Monday | 10:00 pm | NBC
As many critics have already noted, Revolution is the last in a long string of high concept Lost wannabes, all unable to recapture the 2004 series’ instant watercooler buzz. Revolution has that J.J. Abrams stamp of potential quality, but it’s worth debating if any show could ever pull off Lost-type success again, or if it really was lightning in a bottle. Revolution mostly disappoints, but there are enough appealing elements that there’s still potential for a hit. I hold up the shining examples of Parks and Recreation and The Vampire Diaries, both of which transformed from ooky pilots to must-watch television. And that is the point of this Pilot Test experiment, to find out if shows are truly able to course-correct from pilot mistakes and become great.
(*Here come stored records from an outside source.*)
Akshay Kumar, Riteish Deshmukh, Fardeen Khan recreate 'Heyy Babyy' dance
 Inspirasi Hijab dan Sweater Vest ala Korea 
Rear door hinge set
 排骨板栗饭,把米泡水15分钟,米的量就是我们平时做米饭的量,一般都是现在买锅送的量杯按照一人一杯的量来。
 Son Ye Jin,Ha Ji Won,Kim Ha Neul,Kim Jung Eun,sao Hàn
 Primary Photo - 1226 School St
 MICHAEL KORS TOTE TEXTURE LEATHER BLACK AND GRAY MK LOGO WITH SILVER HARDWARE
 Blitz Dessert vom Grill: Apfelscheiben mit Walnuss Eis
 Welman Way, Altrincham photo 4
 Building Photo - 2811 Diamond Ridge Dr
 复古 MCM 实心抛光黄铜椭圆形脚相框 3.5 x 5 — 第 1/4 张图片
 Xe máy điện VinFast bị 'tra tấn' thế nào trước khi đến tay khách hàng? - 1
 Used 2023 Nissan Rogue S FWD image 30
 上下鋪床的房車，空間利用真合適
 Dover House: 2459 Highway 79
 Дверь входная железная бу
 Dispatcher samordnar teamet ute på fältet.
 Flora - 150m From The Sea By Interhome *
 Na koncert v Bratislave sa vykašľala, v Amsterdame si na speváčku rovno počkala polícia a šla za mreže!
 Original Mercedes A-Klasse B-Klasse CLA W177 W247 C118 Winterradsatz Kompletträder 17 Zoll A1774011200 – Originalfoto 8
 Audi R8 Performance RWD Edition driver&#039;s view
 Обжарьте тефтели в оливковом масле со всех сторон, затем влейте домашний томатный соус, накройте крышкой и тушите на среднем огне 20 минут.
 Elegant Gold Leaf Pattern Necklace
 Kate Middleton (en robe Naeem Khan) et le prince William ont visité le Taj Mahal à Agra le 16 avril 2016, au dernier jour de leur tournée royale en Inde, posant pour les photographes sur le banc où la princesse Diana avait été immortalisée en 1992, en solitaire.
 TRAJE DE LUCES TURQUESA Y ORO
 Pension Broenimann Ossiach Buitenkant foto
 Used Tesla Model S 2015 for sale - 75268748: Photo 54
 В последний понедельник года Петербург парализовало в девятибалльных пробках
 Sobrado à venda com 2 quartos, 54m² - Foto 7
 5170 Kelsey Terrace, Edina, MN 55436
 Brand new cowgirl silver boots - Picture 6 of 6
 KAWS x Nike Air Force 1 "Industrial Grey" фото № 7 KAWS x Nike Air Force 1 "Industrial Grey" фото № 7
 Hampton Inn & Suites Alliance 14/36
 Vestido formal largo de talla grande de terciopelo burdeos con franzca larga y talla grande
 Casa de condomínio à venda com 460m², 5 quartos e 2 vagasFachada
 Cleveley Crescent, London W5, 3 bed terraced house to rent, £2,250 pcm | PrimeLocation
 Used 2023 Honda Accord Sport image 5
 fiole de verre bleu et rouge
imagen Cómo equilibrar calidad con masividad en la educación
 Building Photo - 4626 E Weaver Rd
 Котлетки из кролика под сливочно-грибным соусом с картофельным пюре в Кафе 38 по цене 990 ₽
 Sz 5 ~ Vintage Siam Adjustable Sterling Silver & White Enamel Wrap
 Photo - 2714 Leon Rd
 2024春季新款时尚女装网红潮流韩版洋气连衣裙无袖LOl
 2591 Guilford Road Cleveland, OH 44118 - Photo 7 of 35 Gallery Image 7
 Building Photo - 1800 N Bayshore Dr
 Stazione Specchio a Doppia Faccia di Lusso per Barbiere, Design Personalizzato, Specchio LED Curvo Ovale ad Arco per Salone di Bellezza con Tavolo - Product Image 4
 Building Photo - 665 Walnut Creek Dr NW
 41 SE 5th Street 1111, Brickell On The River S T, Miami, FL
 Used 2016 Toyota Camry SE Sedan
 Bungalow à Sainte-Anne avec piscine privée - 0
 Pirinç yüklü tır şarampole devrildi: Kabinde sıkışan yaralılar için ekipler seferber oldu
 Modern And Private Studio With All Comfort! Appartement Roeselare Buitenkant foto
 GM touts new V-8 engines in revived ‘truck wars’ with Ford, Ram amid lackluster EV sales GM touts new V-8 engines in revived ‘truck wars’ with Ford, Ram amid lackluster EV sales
The most disappointing part of Revolution is the overall look of the show. The beauty of the post-apocalyptic genre is the incredible opportunity for creativity it presents. Writers can take any Big Bad they choose (in this case a nondescript, even-the-batteries power outage) and spin out how it would affect us both worldwide and on a personal level. The vision of Revolution can best be described as…trendy? The characters have an ample supply of cute leather boots and earth-tone clothes as well as shiny, shiny hair. They literally still live in a suburb, minus electricity, plus a cutesy re-purposed car garden. Their trip to Chicago is also incredibly pretty (there are waterfalls involved) and ends at a picturesquely decaying hotel, complete with requisite plant growth and many, many candles. It’s Urban Outfitters: Apocalypse.
The mythology of the show was fairly appealing to me. The power outage was a great spectacle for the opener, and could be explained through any number of conspiracies, governmental, ecological, extraterrestrial, whatever. More interesting was the last-minute twist that hero Miles Matheson (Billy Burke) and the leader of the nefarious militia and self-declared Monroe Republic were friends and together at the onset of the blackout. This provides room for ample flashback story-telling, both pre- and post-blackout. Finally, as a sucker for symbols, I thought the Monroe Republic brand and the magic flash-drive necklace were great and eye-catching. If the shows catches on, you can bet I’ll be buying my own little necklace from the NBC store.
While the mythology and concept are important, the casting is what really keeps me watching a show. It’s hard to care about whatever convoluted mysteries the showtosses its characters into if I don’t really care if they get shot by a crossbow or sliced by a samurai sword, as the case may be with Revolution. (For a detailed account of who already died a la crossbow, check out the hilarious recap on Grantland.) Most of the adult cast is great: Billy Burke has a certain gruff charm, Zak Orth as Aaron is charming as the obvious Hurley of the group, and Giancarlo Esposito will never not be an unnerving and terrifying villain. Plus, Elizabeth Mitchell’s bound to roll up just in time to save the day from one thing or another by fall sweeps if not before. The young member of the cast, unfortunately, are disappointingly wooden. I have my doubts that Tracy Spiridakos can carry the show as plucky teenage heroine and Graham Rogers was equally blah as her brother. Hopefully the show will give focus on the adults, or hire some acting coaches for the young’uns.
Long Term Prediction:
I will have enough crazy optimism to stick around for as long as NBC deigns to put Revolution on my screen. It could go preposterous in a terrible way, but that’s sometimes as fun as preposterous in a good way.